Task objective
Copy out each entry below verbatim, skipping the images.

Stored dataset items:
____

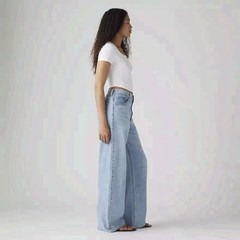 Levi’s Cinch Baggy Lightweight Women’s Jeans – Inseam 31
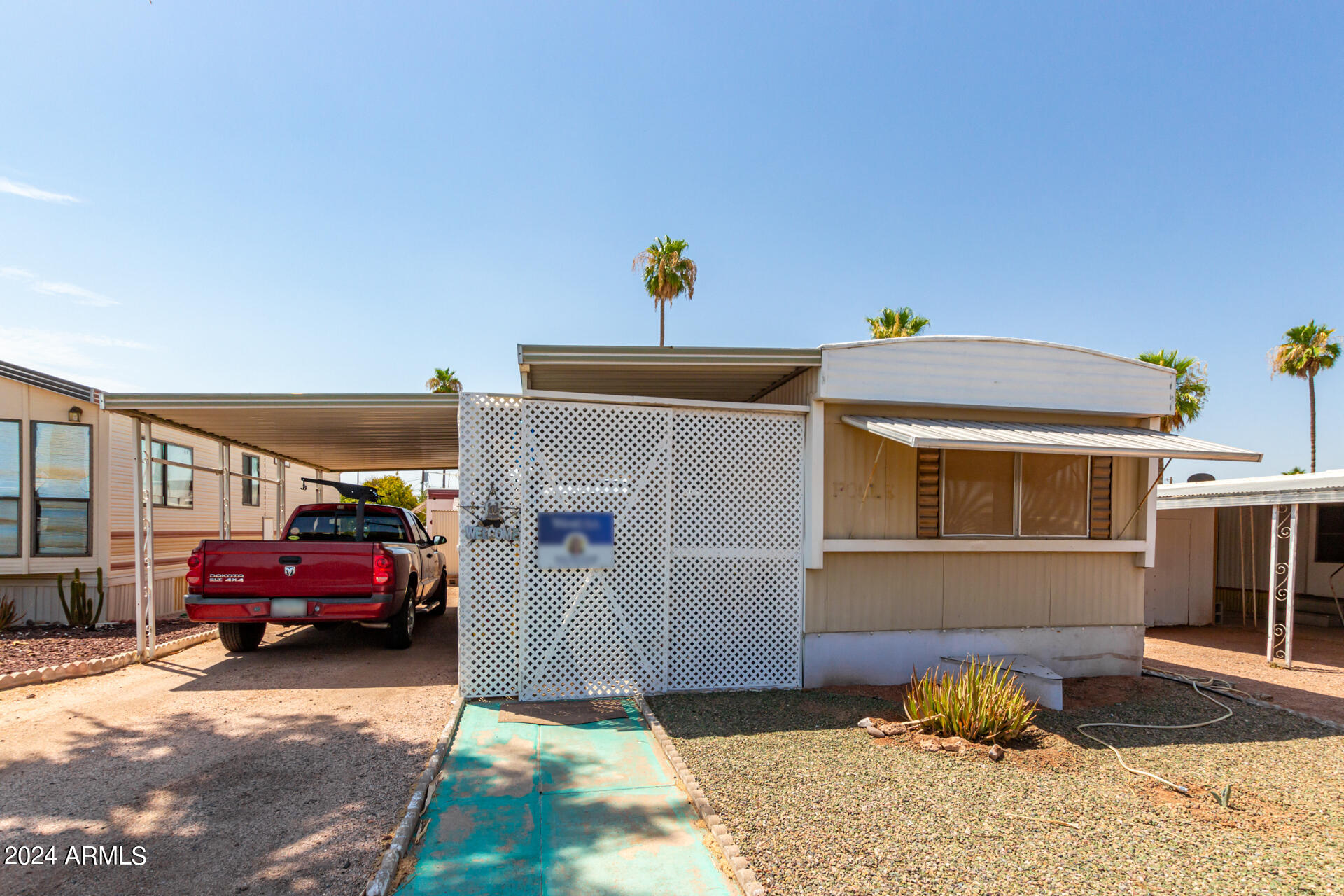 Photo 2 of 20 of 800 W Apache Trail 73 mobile home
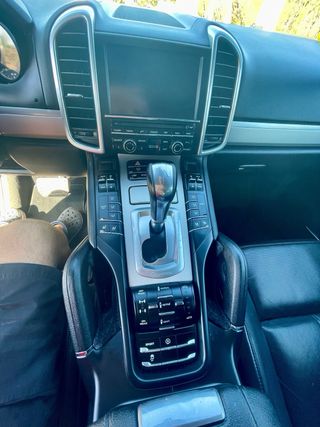 Porsche Cayenne 2014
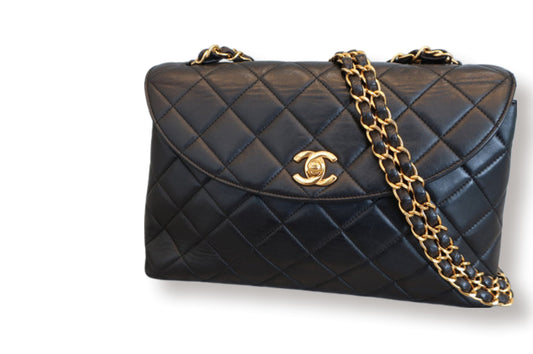 CHANEL Matelasse chain shoulder bag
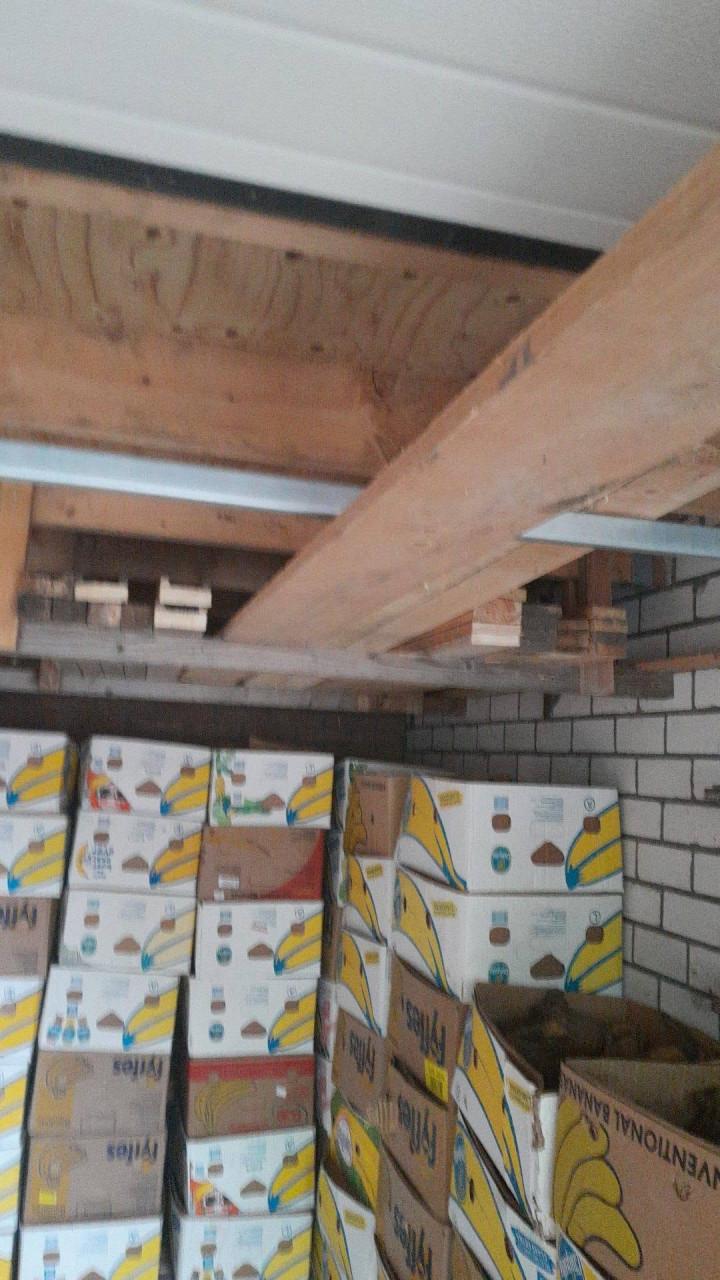 Diverse planken van paletten en kepers.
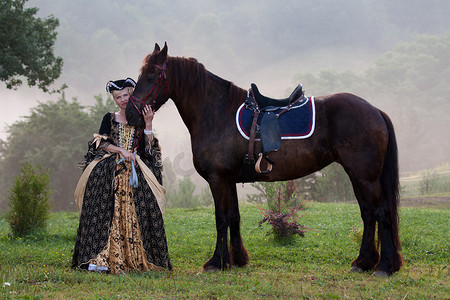 巴洛克摄影照片_穿着皇家巴洛克风格骑马的女人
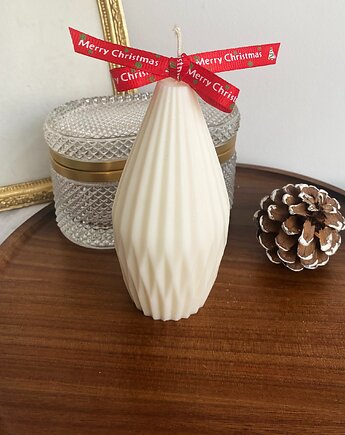 Świeca ekologiczna sojowa dekoracyjna "Grusha" 137x65mm, Coccola JEWELLERY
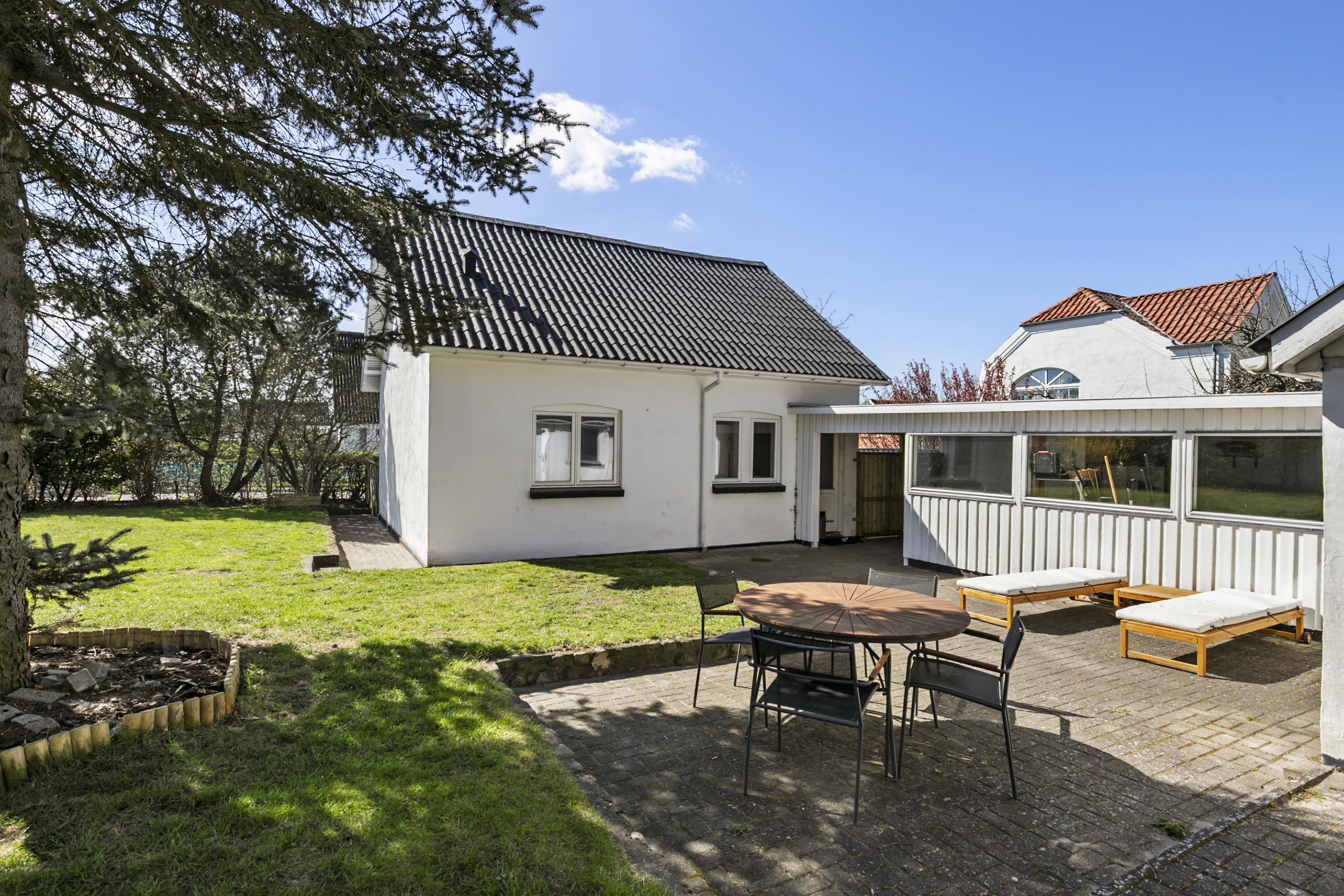 Villa på Dybdalsvej 9 9220 Aalborg Øst.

____

Output of the exercise
 Levi’s Cinch Baggy Lightweight Women’s Jeans – Inseam 31
 Photo 2 of 20 of 800 W Apache Trail 73 mobile home
 Porsche Cayenne 2014
 CHANEL Matelasse chain shoulder bag
 Diverse planken van paletten en kepers.
 巴洛克摄影照片_穿着皇家巴洛克风格骑马的女人
 Świeca ekologiczna sojowa dekoracyjna "Grusha" 137x65mm, Coccola JEWELLERY
 Villa på Dybdalsvej 9 9220 Aalborg Øst.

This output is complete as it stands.